Vermeer’s Milkmaid is a collection of short stories by Galician writer, Manuel Rivas. I had to wikipedia Galicia because, shamefacedly, I didn’t know where it was. To show off my new knowledge and enlighten those others who don’t know, it’s in Spain. North West Spain, to be exact, and according to the Great Encyclopaedia, an historical autonomous community.
Although Rivas writes in Spanish and Galician, the book I read had been translated into English, which was pretty handy. I talked about translation back in August, and I still believe that translator’s a hard job. You have to retain not only the meaning, but the style and inflection of each sentence. No pressure, then.
I’d like to be able to read Galician, so I can make a proper observation about the translation of the stories. In this absence, I’ll just say that Rivas’ writing came across as succinct but evocative, in all sixteen stories. These were indeed, short, as the book itself struggled to reach one hundred and twenty pages.
They all represented what I would call, good short stories. There was a clear plot and all of the relevant details were revealed about characters, locations, events, with just enough guess work to make them mysterious. The majority of them centred around male characters, searching for something from a long lost love to their bodies, which they have been estranged from. Most of the stories had an element of fantasy in them, from the tarot card reader who refuses to read after drawing a bad omen card, to the three page story following a conversation about murder amongst inanimate objects, from the Television to the Ashtray to the Darkness itself.

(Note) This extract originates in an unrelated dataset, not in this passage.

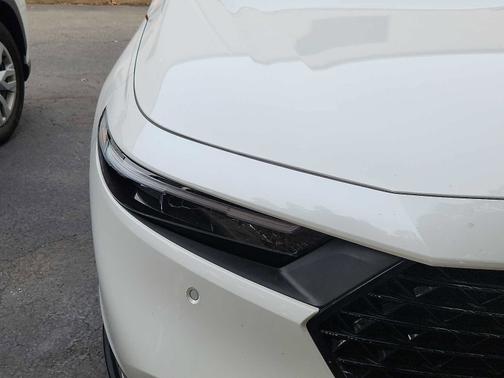 2025 Honda Accord Hybrid 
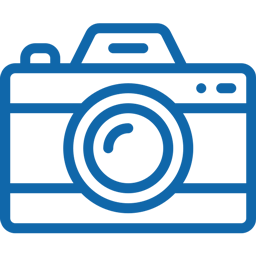 Stucco camera icon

Another mark of a good short story, or collection of, is how they affect you. I read A Perfect Day for Bananafish, by J.D. Salinger, in a creative writing class years ago, and I still think about it. Due to their nature, they usually revolve around a short, sharp event in someone’s life. In Rivas’ collection, an old man recounts the time where he got so frustrated with his lover’s yappy dog that he snuck back to her house at night and murdered it by ramming a steel spike down its throat. She knew, of course, and he never saw her again.
The stories are haunting, full of dusty images of the Civil War and sax players. They come and go in a flash, but promise to remain in my imagination for a long time to come.
I’d recommend these to people who enjoy short stories with a darker, deeper side – ones which may need careful re-reading to see all of the layers. It might help to know where Galicia is as well.